··· DATASET EXTRACT ···

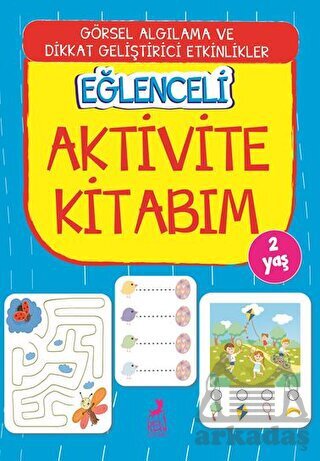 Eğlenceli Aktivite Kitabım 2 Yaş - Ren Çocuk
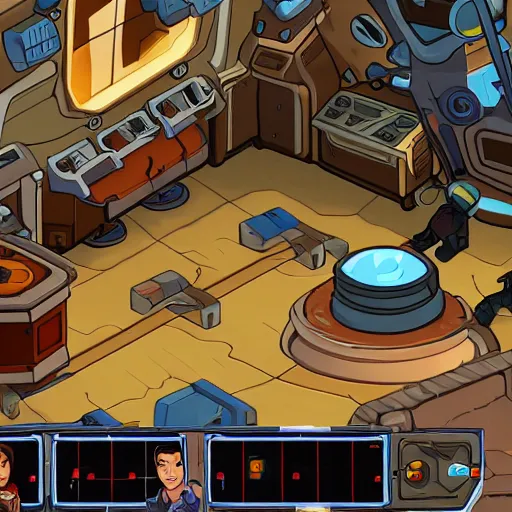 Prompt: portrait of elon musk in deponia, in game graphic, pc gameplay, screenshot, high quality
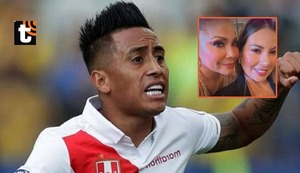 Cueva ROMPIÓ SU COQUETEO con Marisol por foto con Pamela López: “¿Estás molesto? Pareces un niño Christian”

···

- **EXERCISE**
Copy each line above precisely, dropping the pictures.

- **ANSWER BOX**
 Eğlenceli Aktivite Kitabım 2 Yaş - Ren Çocuk
 Prompt: portrait of elon musk in deponia, in game graphic, pc gameplay, screenshot, high quality
 Cueva ROMPIÓ SU COQUETEO con Marisol por foto con Pamela López: “¿Estás molesto? Pareces un niño Christian”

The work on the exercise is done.